DATA TO EXAMINE
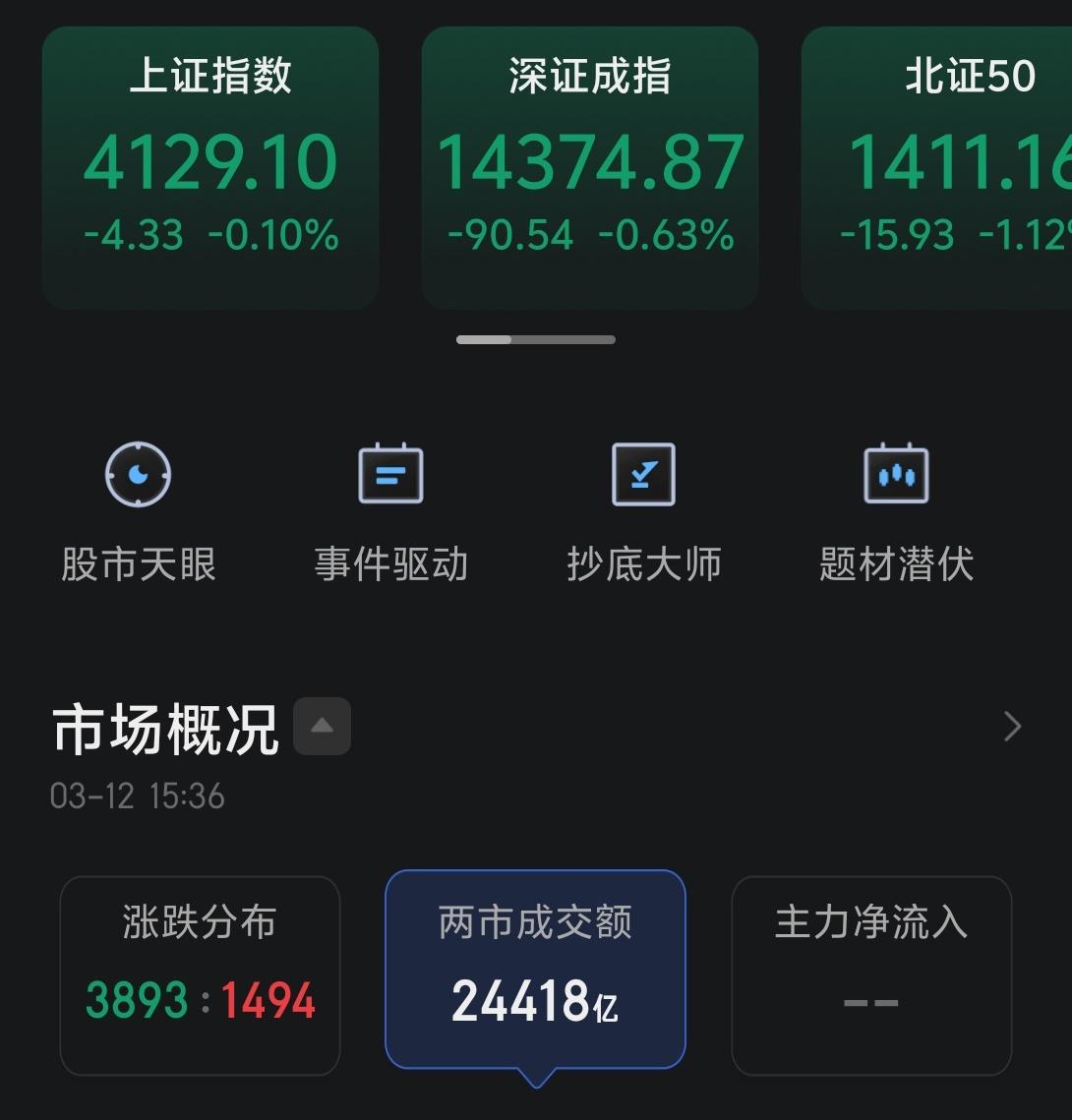 今天三大指数悉数收绿，不过却呈现的是探底回升的态势，成交略降至2.44万亿。

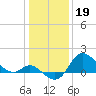 Boston tide chart for Thursday, January 19, 2023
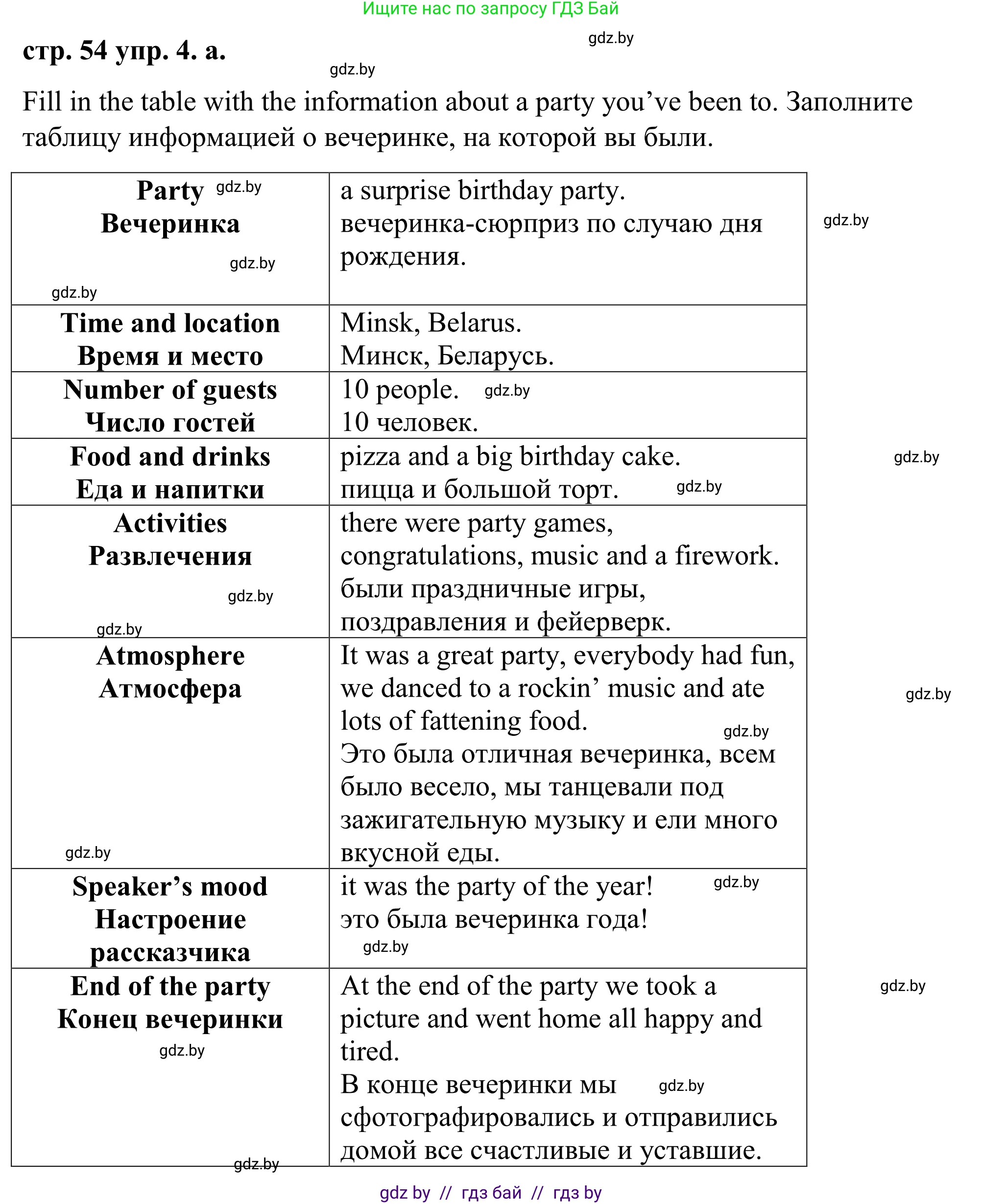 Английский язык (english), 9 класс Учебник (Student's book), авторы: Демченко Наталья Валентиновна, Юхнель Наталья Валентиновна, Романчук Вероника Романовна, Малиновская Елена Александровна, Севрюкова Татьяна Юрьевна, издательство Вышэйшая школа, Минск, 2022, белого цвета, Часть ( Part) 2, страница 54, номер 4, Решение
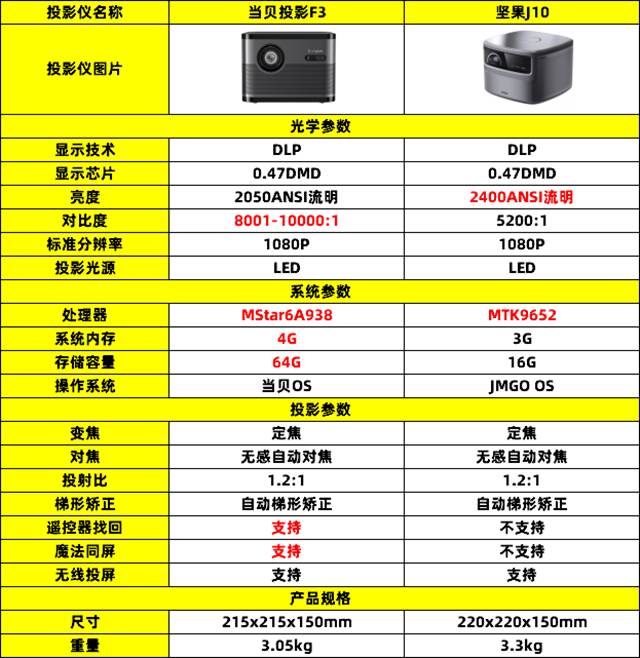 仪论坛观看坚果投影仪_坚果投影仪怎么样_坚果投影仪如何使用说明书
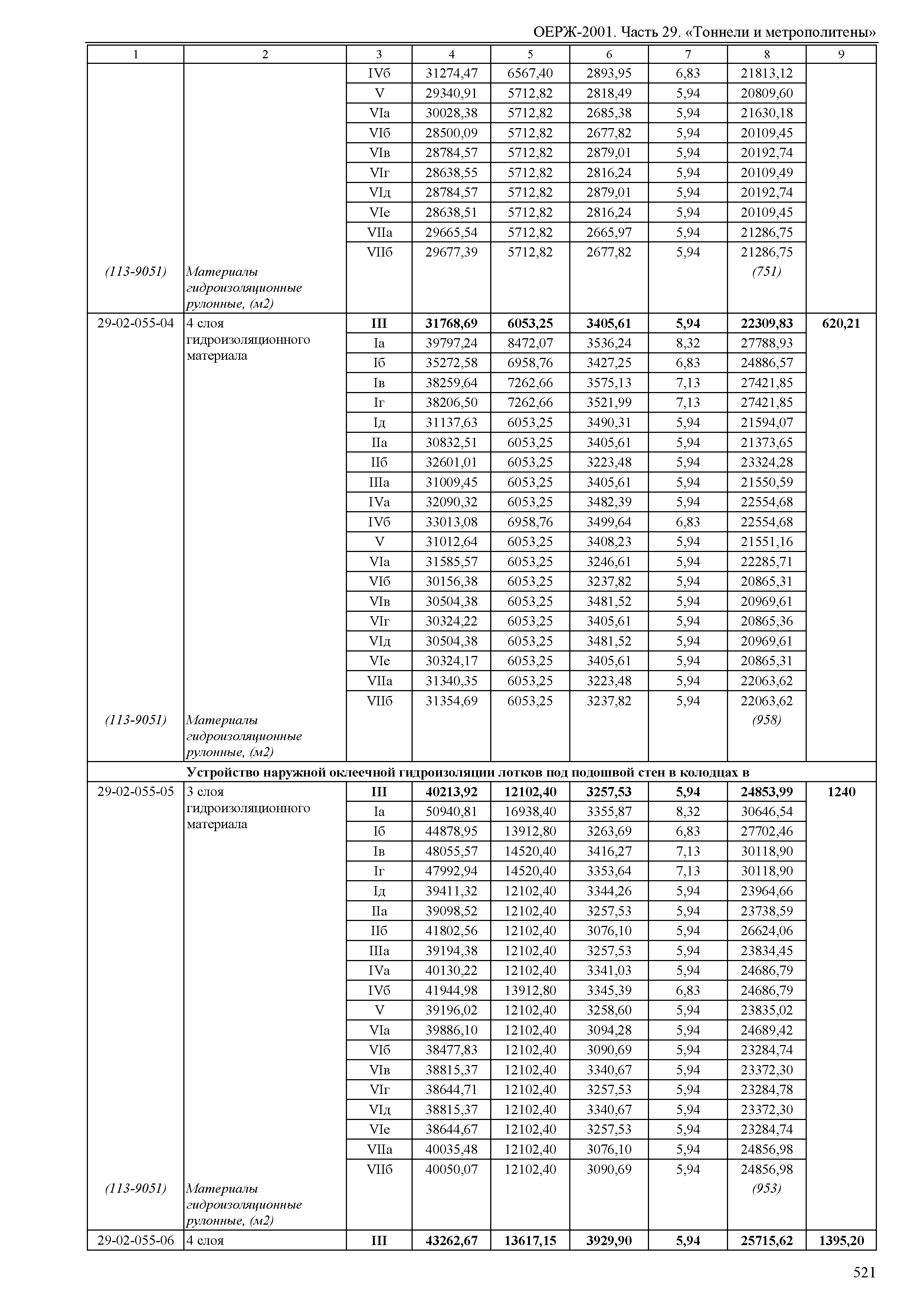 ОЕРЖ 81-02-29-2001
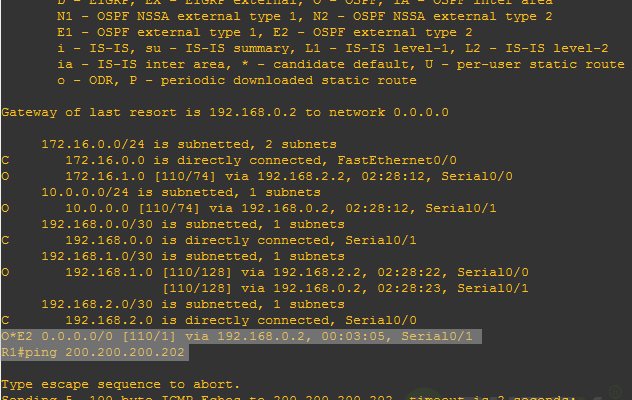 Skalowanie protokołu OSPF – jak optymalizować i zarządzać rozbudowaną siecią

TASK BRIEF
All lines from the one holding "Boston tide chart" through the last line of the material above should be set down exactly, and the pictures should be left out.

OUTPUT OF THE EXERCISE
 Boston tide chart for Thursday, January 19, 2023
 Английский язык (english), 9 класс Учебник (Student's book), авторы: Демченко Наталья Валентиновна, Юхнель Наталья Валентиновна, Романчук Вероника Романовна, Малиновская Елена Александровна, Севрюкова Татьяна Юрьевна, издательство Вышэйшая школа, Минск, 2022, белого цвета, Часть ( Part) 2, страница 54, номер 4, Решение
 仪论坛观看坚果投影仪_坚果投影仪怎么样_坚果投影仪如何使用说明书
 ОЕРЖ 81-02-29-2001
 Skalowanie protokołu OSPF – jak optymalizować i zarządzać rozbudowaną siecią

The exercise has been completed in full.